Instantly the hunt began, which lasted for no less than three hours. However, and as explained in the aforementioned dossier, the Germans realized that they were being persecuted and carried out several diversionary maneuvers.

Unfortunately for Ralf-Reimar Wolfram, everything ended in disaster for him when the small “HMS Venturer” (barely 600 tons) fired his torpedoes. “With extraordinary skill, the Launders men loaded and fired four torpedoes guided by the passive SONAR and at intervals of eighteen seconds from 3,000 yards, with a depth of 40 feet,” the author concludes.

Although the first three projectiles failed, the fourth hit the “U-864”. The ship then became the tomb of the more than seventy passengers.

As revealed by Harry Plummer, one of the eyewitnesses of the event, to the BBC, the captain of the English submarine recorded in his log book that the enemy had been sunk at 12:14. The U-Boat was destroyed “with a sharp and sharp explosion, followed by a breaking noise”. It was not for less, because the vessel broke in two before sinking. ” It was a relief,” Plummer explained. Although, just a minute later, he could not help but think that those who had fallen were, in the end, fellow submariners.

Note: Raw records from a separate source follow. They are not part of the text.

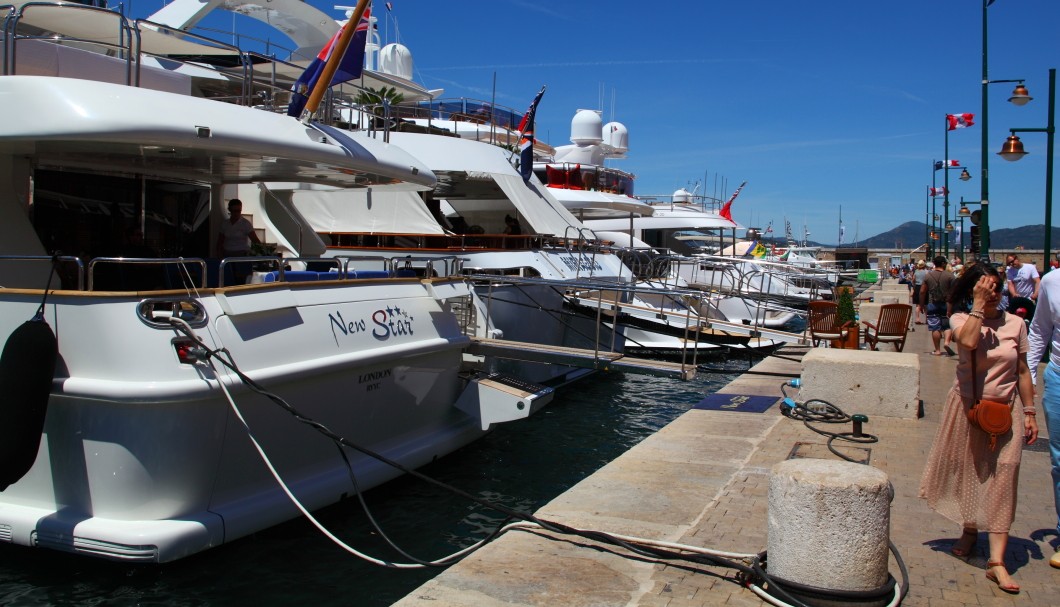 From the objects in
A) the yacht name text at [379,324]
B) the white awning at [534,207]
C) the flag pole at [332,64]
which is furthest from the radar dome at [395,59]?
the yacht name text at [379,324]

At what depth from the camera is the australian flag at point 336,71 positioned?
312 inches

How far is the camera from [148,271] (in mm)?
7516

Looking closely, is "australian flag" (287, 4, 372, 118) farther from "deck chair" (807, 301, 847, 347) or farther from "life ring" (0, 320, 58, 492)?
"deck chair" (807, 301, 847, 347)

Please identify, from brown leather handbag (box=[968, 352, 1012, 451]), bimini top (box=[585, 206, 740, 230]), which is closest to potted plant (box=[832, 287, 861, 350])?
brown leather handbag (box=[968, 352, 1012, 451])

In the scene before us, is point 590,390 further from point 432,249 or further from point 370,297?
point 370,297

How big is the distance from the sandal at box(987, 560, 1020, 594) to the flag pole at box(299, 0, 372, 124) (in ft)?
20.4

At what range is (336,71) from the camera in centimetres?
828

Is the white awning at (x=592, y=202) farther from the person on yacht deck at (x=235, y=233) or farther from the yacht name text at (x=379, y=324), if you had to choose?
the yacht name text at (x=379, y=324)

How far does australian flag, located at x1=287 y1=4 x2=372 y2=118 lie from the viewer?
7918mm

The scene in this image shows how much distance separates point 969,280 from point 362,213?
35.1 feet

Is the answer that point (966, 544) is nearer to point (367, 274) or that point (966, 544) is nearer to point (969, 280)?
point (969, 280)

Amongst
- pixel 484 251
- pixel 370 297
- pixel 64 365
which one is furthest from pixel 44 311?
pixel 484 251

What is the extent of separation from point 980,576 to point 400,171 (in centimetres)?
622

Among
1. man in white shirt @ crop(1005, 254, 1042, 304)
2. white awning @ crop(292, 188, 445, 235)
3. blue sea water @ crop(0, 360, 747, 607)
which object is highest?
white awning @ crop(292, 188, 445, 235) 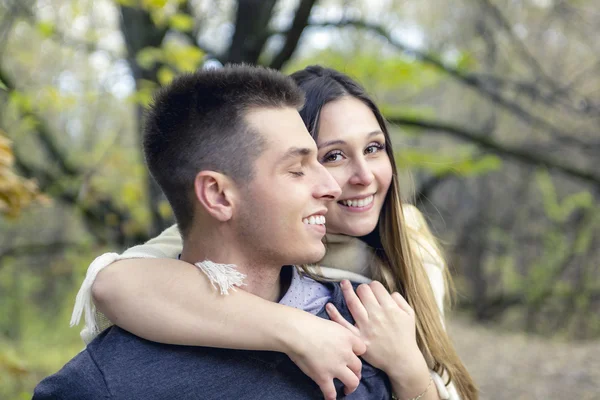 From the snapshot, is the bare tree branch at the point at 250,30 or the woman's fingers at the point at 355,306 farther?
the bare tree branch at the point at 250,30

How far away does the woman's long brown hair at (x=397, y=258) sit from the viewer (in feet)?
7.05

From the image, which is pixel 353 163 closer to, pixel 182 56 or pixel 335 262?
pixel 335 262

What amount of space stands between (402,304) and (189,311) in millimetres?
679

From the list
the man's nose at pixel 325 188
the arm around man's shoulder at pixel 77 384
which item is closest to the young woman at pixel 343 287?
the arm around man's shoulder at pixel 77 384

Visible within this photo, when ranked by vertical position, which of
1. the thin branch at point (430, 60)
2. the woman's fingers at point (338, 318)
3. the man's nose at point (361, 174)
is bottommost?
the woman's fingers at point (338, 318)

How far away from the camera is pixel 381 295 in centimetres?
202

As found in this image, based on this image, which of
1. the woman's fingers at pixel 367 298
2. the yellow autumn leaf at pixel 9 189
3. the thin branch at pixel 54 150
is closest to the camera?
the woman's fingers at pixel 367 298

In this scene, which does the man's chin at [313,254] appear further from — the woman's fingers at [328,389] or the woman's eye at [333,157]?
the woman's eye at [333,157]

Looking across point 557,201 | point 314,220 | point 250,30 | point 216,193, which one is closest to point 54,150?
point 250,30

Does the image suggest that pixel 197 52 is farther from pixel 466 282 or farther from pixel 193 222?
pixel 466 282

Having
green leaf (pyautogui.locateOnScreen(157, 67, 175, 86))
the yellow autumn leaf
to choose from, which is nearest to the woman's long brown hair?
the yellow autumn leaf

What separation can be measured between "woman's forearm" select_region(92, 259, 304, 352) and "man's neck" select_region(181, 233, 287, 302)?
69 mm

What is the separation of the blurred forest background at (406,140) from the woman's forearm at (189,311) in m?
1.32

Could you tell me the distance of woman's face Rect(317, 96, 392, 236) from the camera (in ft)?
7.24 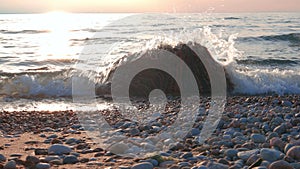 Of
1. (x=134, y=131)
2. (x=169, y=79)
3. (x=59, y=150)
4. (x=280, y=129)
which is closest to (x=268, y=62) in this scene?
(x=169, y=79)

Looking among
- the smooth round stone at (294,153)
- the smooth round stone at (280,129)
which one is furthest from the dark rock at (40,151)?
the smooth round stone at (280,129)

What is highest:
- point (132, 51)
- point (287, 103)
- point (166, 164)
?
point (132, 51)

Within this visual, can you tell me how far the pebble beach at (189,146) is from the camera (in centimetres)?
288

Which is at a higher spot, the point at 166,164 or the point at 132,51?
the point at 132,51

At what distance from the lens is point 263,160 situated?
2.80 m

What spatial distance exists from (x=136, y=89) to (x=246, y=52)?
10364 mm

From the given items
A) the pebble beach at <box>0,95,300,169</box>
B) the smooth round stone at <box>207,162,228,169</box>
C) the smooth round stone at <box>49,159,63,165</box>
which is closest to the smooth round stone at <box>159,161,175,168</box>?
the pebble beach at <box>0,95,300,169</box>

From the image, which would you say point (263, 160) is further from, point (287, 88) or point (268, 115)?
point (287, 88)

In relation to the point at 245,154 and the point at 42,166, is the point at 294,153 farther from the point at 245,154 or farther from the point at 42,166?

The low of the ” U-864 ” joined other so many occurred in the British waters during the month of February. This is what José Manuel Gutiérrez of Cámara Senán says in his work ” Underwater warfare, the Battle of the Atlantic ” (Nowtilus, 2018): “In February there were 55 submarines that operated in waters near the British coasts and, although they managed to sink more than in the previous month, they suffered twelve casualties, mostly by surface ships, largely due to projection weapons from the bow. ”

Search for the wreck

As collected by the newspaper Der Spiegel, the search for this submarine began in the nineties and lasted until 2003, when the Norwegian navy found the remains. However, it was not until 2005 when the divers found the first mercury warhead inside the submarine.

At that moment the alarms jumped due to the proximity of the wreck with the island of Fedje (located barely four kilometres). From then on, the fear that the intoxicated flesh of the North Sea fish could reach human beings triggered all the alarms.

Norwegian food authorities issued a warning later to prevent children and pregnant women from eating fish and shellfish in the area. A scientific study published in the journal ” Chemosphere ” further increased the fear by arguing that cod from the Atlantic Ocean had elevated levels of mercury in the liver and gills. However, despite this, the warning was eliminated in 2015 due to lack of evidence.

To this day, and according to the newspaper ” IFL Science!», Solving the problem seems difficult since the shipwreck rests on a very inclined seabed of sediments. That would imply that, if you wanted to move the submarine or remove it from the sea, it could cause a landslide that would lead to an even greater disaster.

What is clear is that it is necessary to be careful with the load. “We have to assume that there are still torpedoes aboard, at least two. There is a much greater risk that they will explode if a rescue operation is carried out “, explained Ane Eide Kjeras in statements to” Der Spiegel “in 2006.